Posted by: Rick Ballard | January 06, 2010 at 08:30 PM
And to cheer everyone up, we are all going to die anyway.
Posted by: RichatUF | January 06, 2010 at 08:31 PM
I still maintain all the sharpies and squids in the world can't cause the damage that occurred without free money in the first place. And free money largely comes from the Fed doing what it should never have been charged with; regulating unemployment.
Posted by: Ignatz | January 06, 2010 at 08:45 PM
I have no doubt that insisting that borrowers have some capacity to actually repay mortgages would have done much to help lenders.
But the real problem is the international recession that preceded the financial crisis.
This excelent article reminds us of the recession's root causes.
Posted by: MikeS | January 06, 2010 at 09:06 PM
Ignatz-
The "free money" was also found in securitization and work arounds for Basel-2.
MikeS-
That's always a good piece to have on hand.
Posted by: RichatUF | January 06, 2010 at 09:22 PM
I can just see the Fed calling the next bubble. There will be months of investigations after we all find out that they told their friends hours ahead of their intervention into the markets so they could unwind their positions. We're talking about the difference of billions of dollars with mere minutes of a heads-up.
Posted by: Neo | January 06, 2010 at 09:33 PM
Paul Krugman was right in a prediction?
Damn, the guy has predicted 9 or the last 2 recessions, so he is bound to get it right sooner or later
Posted by: Neo | January 06, 2010 at 09:45 PM
--The "free money" was also found in securitization and work arounds for Basel-2.--
Rich,
Securitization and work arounds have existed in one form or another for time immemorial; there is nothing new under the sun.
My point is when money is available to pick up with a wheel barrow, people are much less careful with it and the smart set finds a way to grab fistfulls of it and leave behind a mess.
When the supply of dollars is appropriate people tend to take care of it and don't lend it on margin to paupers in 1929, or bid revenueless, profitless .coms to 100 billion market caps or lend $500,000 to a guy making $12 an hour to buy a $200,000 house.
It all starts and ends with the Fed doing its job of providing a stable currency.
If it does the slicksters can only run relatively confined cons.
If it doesn't the result will always be a system wide mess.
Posted by: Ignatz | January 06, 2010 at 10:23 PM
Bubbles (financial and consequently economical) are created by oversupply of money(capital).
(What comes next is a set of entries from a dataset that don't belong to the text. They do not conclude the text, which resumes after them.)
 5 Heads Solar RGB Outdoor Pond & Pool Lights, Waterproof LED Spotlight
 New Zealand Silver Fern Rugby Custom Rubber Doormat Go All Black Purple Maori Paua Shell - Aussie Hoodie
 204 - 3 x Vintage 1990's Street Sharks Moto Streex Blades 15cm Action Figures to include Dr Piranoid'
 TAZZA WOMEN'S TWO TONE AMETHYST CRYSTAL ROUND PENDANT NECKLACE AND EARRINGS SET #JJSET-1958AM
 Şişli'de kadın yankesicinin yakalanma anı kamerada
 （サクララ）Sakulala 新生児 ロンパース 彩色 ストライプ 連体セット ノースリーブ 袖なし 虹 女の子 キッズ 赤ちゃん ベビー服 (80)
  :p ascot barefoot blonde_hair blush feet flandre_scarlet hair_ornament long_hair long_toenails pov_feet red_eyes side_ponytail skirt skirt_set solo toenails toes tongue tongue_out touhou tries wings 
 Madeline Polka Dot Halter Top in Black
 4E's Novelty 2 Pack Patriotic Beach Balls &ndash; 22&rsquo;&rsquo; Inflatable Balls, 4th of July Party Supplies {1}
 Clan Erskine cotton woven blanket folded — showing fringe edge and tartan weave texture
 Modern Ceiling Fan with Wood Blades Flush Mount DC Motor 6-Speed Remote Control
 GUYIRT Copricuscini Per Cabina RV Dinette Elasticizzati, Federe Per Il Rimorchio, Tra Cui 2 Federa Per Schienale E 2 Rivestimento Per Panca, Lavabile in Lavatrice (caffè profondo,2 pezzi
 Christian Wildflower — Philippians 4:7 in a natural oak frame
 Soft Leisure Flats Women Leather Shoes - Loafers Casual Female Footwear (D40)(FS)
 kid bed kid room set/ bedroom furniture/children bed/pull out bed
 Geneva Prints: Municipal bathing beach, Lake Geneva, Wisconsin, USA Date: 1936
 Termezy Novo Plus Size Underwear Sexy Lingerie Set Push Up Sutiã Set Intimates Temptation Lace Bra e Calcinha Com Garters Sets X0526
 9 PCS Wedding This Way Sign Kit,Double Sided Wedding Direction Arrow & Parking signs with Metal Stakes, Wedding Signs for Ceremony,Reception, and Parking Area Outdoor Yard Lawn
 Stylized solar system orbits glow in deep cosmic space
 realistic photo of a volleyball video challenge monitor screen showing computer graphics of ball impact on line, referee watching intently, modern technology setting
No one in history of capitalism figured out how governments or Central Banks could prevent it. And for very good reason: government and Central Banks supply (create) less than 10% of money (so-called M0 money). The rest 90+% are created by private banks. And bankers are regularly got carried away, and start lending money to borrowers incapable to return it back.
Government or Central Bank indeed could easily disrupt tight equilibrium of working financial market and economy, and dive-nose the economy into recession. But it is not much government could do if bankers like crazy overleverage M0 money and irresponsibly lend it right and left.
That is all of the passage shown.